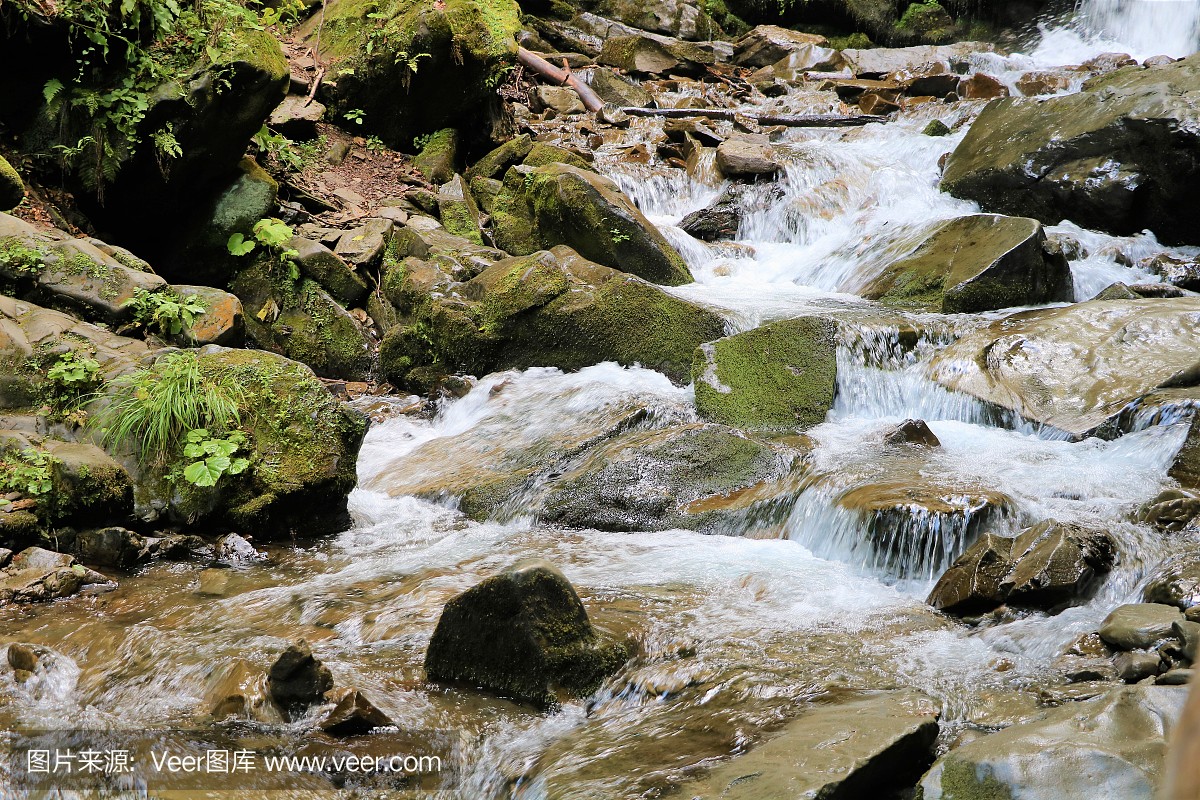 渗出,渗漏,滴出的,渗出的
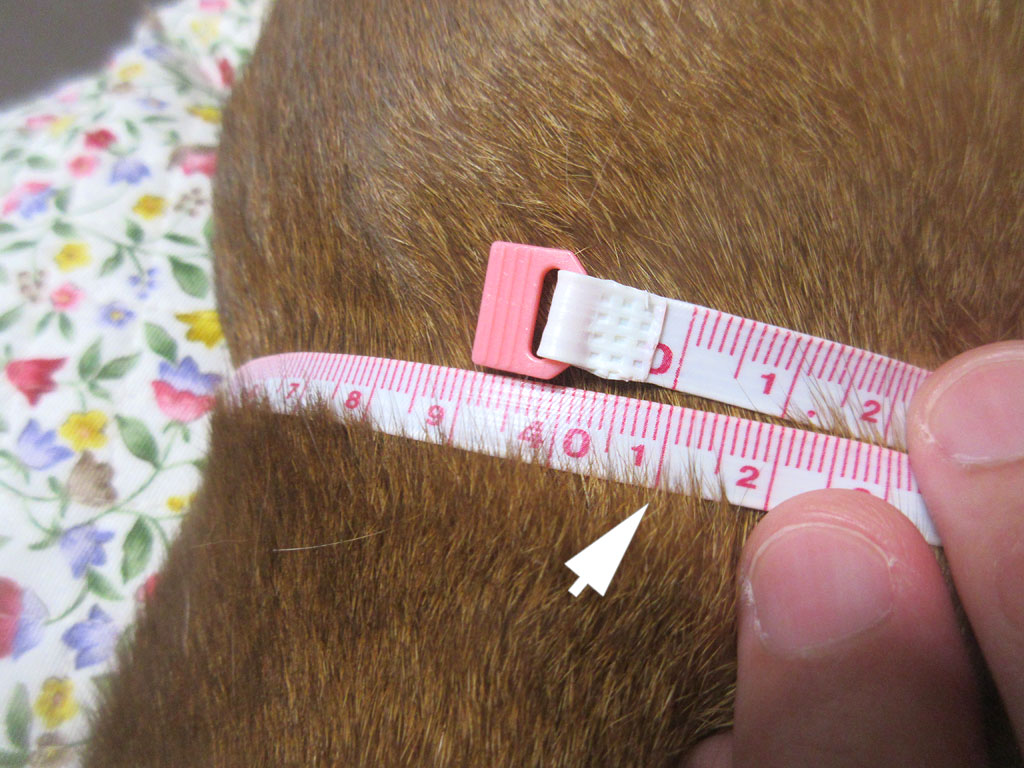 第9肋骨周りは41cm。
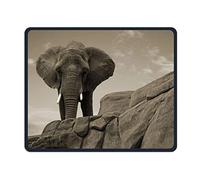 Elephant in piedi sull'ufficio Top of Rocks, gioco necessario, buon mouse partner, mouse pad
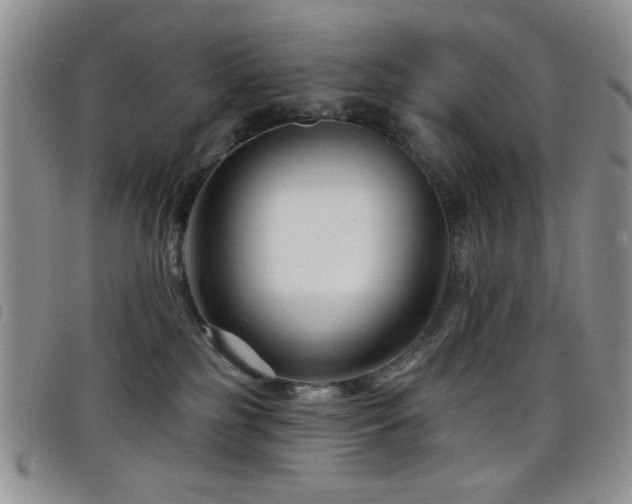X0000098210185200804241329
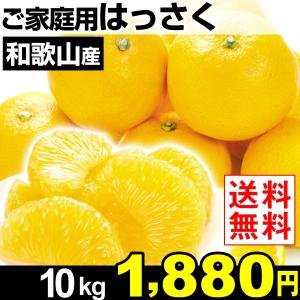 みかん 和歌山産 ご家庭用 はっさく 10kg 1箱 送料無料 国華園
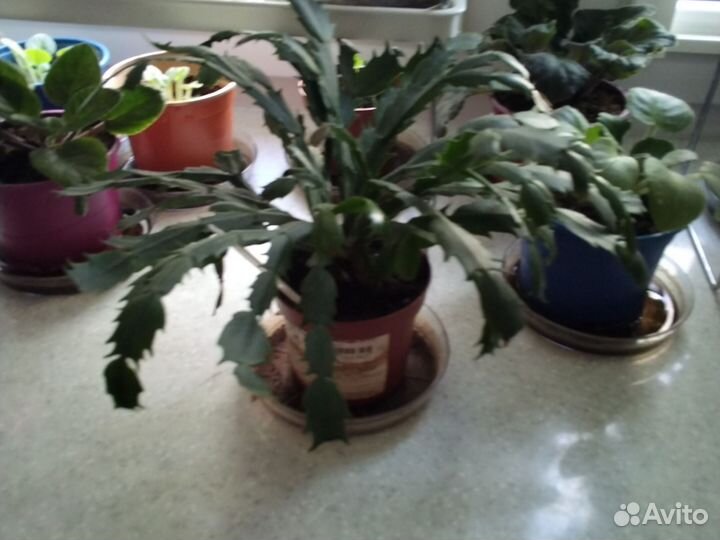 Цветок декабрист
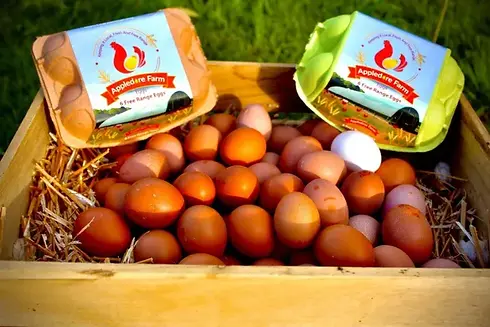 A carton filled with brown and white eggs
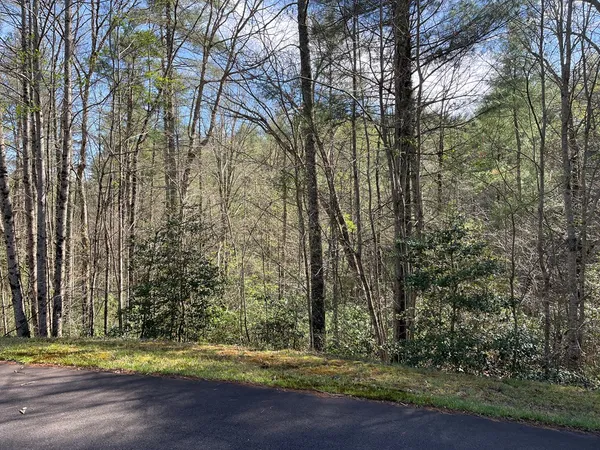a view of a yard with large trees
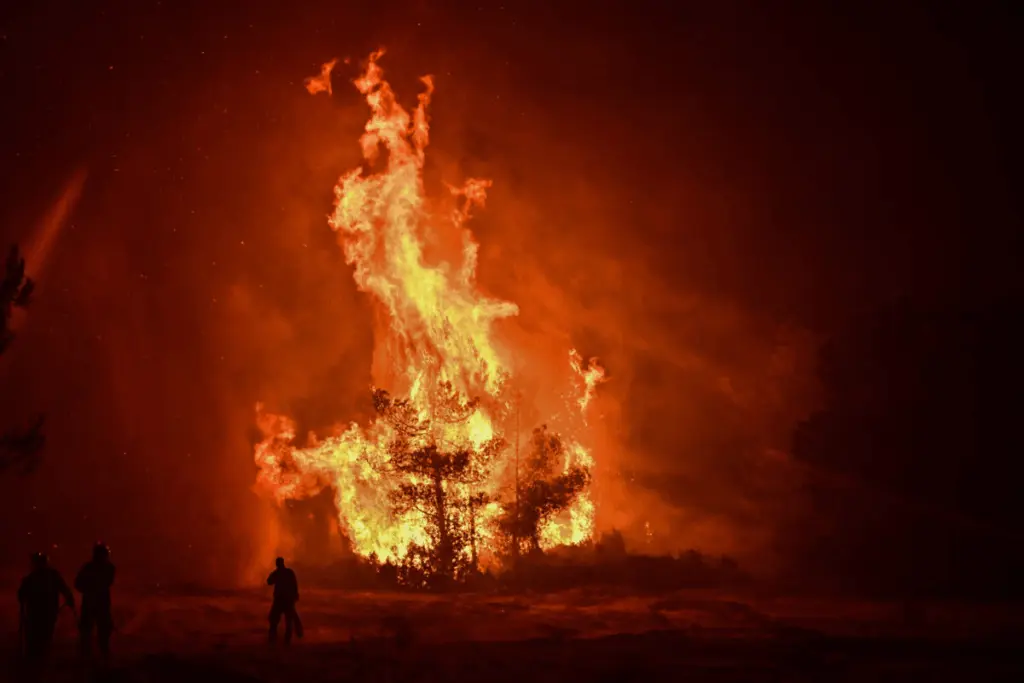 Ωρωπός: Σε ύφεση τα πύρινα μέτωπα- Μάχη με αναζωπυρώσεις 6 image 11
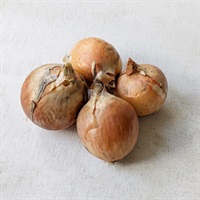 ＜豊作SALE＞【自然栽培】自然農法根っこの会 玉ねぎ 500g◆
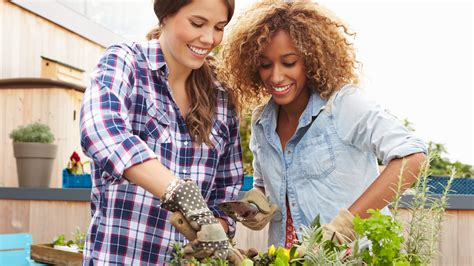 5 Ways In Which Gardening Helps Reduce Stress Legally Balanced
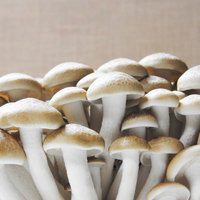 根元で束になって密集して成長するシメジの群生の写真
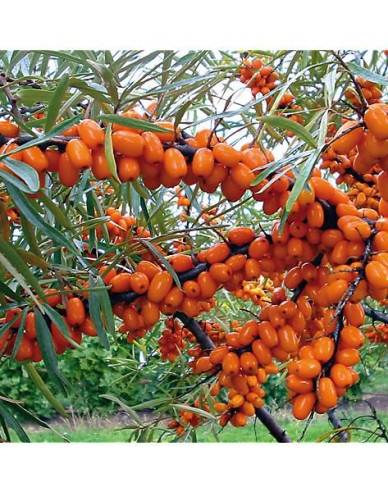 Sanddorn Friesdorfer Orange selbstbefruchtend
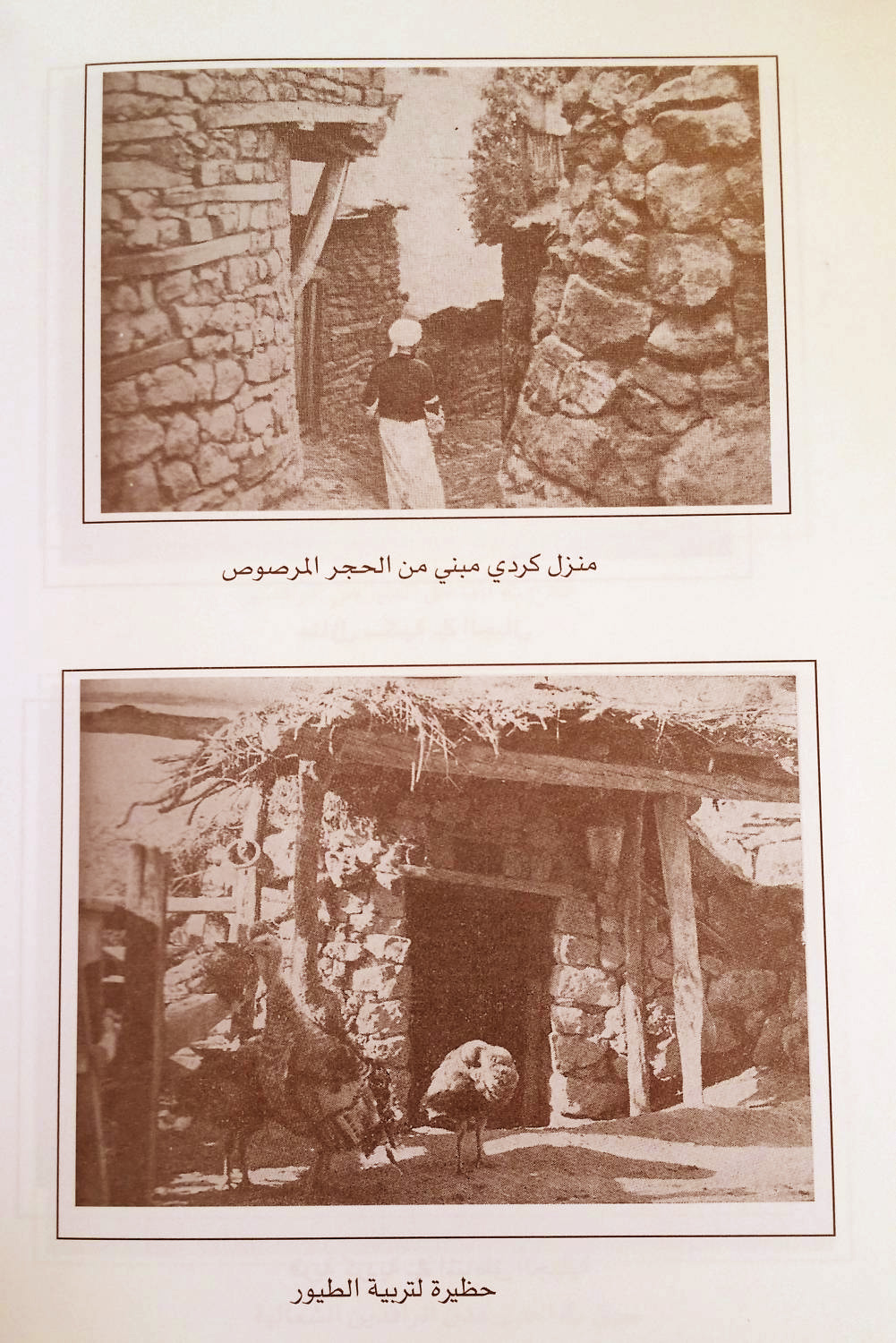 تراث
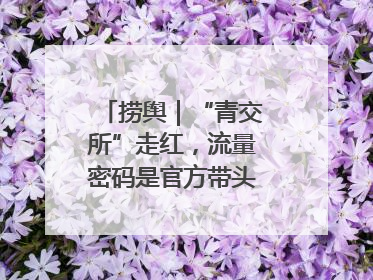 捞舆｜“青交所”走红，流量密码是官方带头“玩起来”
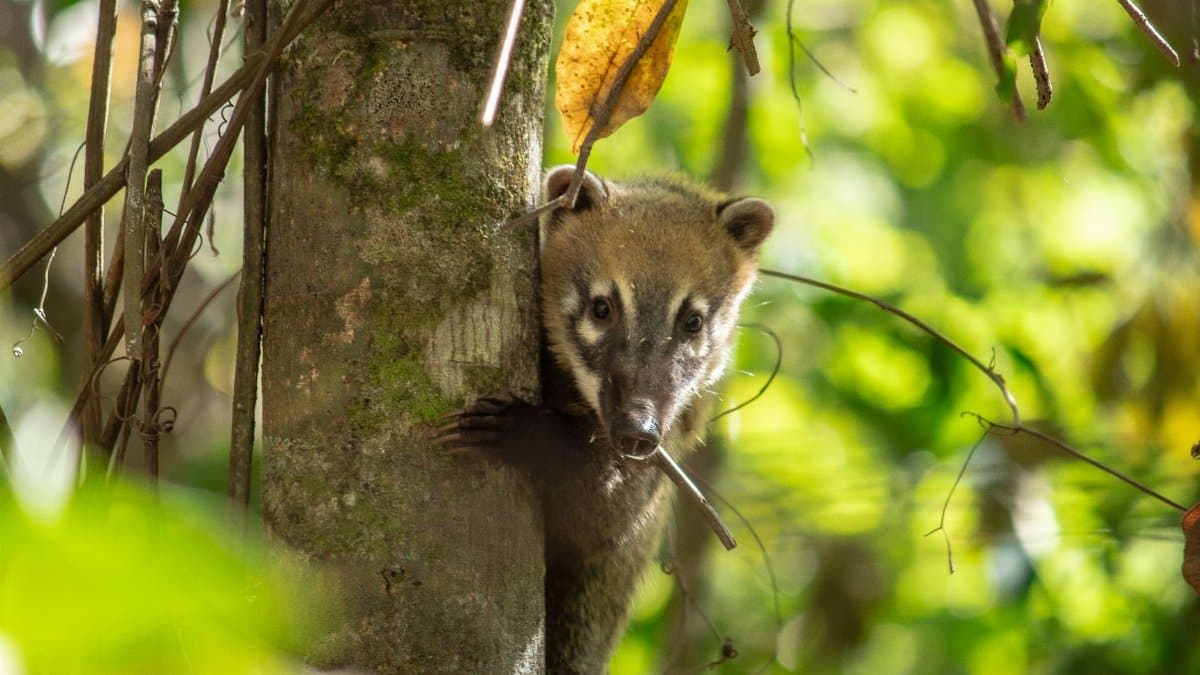 A South American coati peeks from a tree in Brasília, showcasing its natural habitat.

• • •

The material must be restated verbatim. Its pictures must be omitted.

 渗出,渗漏,滴出的,渗出的
 第9肋骨周りは41cm。
 Elephant in piedi sull'ufficio Top of Rocks, gioco necessario, buon mouse partner, mouse pad
X0000098210185200804241329
 みかん 和歌山産 ご家庭用 はっさく 10kg 1箱 送料無料 国華園
 Цветок декабрист
 A carton filled with brown and white eggs
a view of a yard with large trees
 Ωρωπός: Σε ύφεση τα πύρινα μέτωπα- Μάχη με αναζωπυρώσεις 6 image 11
 ＜豊作SALE＞【自然栽培】自然農法根っこの会 玉ねぎ 500g◆
 5 Ways In Which Gardening Helps Reduce Stress Legally Balanced
 根元で束になって密集して成長するシメジの群生の写真
 Sanddorn Friesdorfer Orange selbstbefruchtend
 تراث
 捞舆｜“青交所”走红，流量密码是官方带头“玩起来”
 A South American coati peeks from a tree in Brasília, showcasing its natural habitat.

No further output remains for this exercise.